About Me!

This blog is about my musings and thoughts. I hope you find it useful, at most, and entertaining, at least.

Résumé [PDF]

Other Pages

Quotes

Links

Oak Island

Items for Sale

Presence Elsewhere

jim@jimkeener.com

del.icio.us

Twitter

Facebook

LinkedIn

GitHub

BitBucket

Keybase.io

Understanding PostgreSQL's EXPLAIN output and Query Planner

Date: 2015-09-07
Tags: postgres development

We’ll begin our exploration of the EXPLAIN (more information from the docs) clause and query planner by downloading the MovieLens 20 million ratings file. The README.txt file contained in the zip has informational we’ll use to build our test. (Note: The zip is 132 MB. I wanted a large dataset for reasons we’ll get into.)

(Note: While the EXPLAIN output and syntax shouldn’t change drastically, I would note that all the output comes from PostgreSQL 9.3.9.)


jim@lilith /monongahela/movielens% wget -x http://files.grouplens.org/datasets/movielens/ml-20m.zip
jim@lilith /monongahela/movielens% wget -x http://files.grouplens.org/datasets/movielens/ml-20m.zip.md5
jim@lilith /monongahela/movielens/files.grouplens.org/datasets/movielens% [ "`md5sum ml-20m.zip | awk '{print $1}'`" = "`cat ml-20m.zip.md5 | awk '{print $4}'`" ] && echo "OK"
jim@lilith /monongahela/movielens/files.grouplens.org/datasets/movielens% unzip ml-20m.zip

Then we’ll create the database and the movies table. (We’ll get to the other tables later.) We’ll then import the csv file directly. Lastly, we’ll turn the list of genres each movie has, stored as a pipe-delimeted string, into an text array field.
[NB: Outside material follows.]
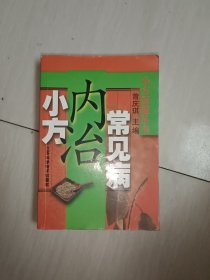 常见病内治小方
jim@lilith /monongahela/movielens% createdb planner_example
jim@lilith /monongahela/movielens% psql planner_example
[local]:5432 jim@planner_example=# create table movies (
  movie_id integer, 
  title text, 
  genres_text text, 
  genres text[]);
[local]:5432 jim@planner_example=# copy movies (movie_id, title, genres_text) from '/monongahela/movielens/files.grouplens.org/datasets/movielens/ml-20m/movies.csv' with (format csv, header);
[local]:5432 jim@planner_example=# update movies set genres = regexp_split_to_array(genres_text, '\|');
[local]:5432 jim@planner_example=# alter table movies drop genres_text;

To start, we will do a simple selection by the movie_id. (Note: We havn’t yet created an index, let alone a primary key). Then we’ll want to look at the EXPLAIN output.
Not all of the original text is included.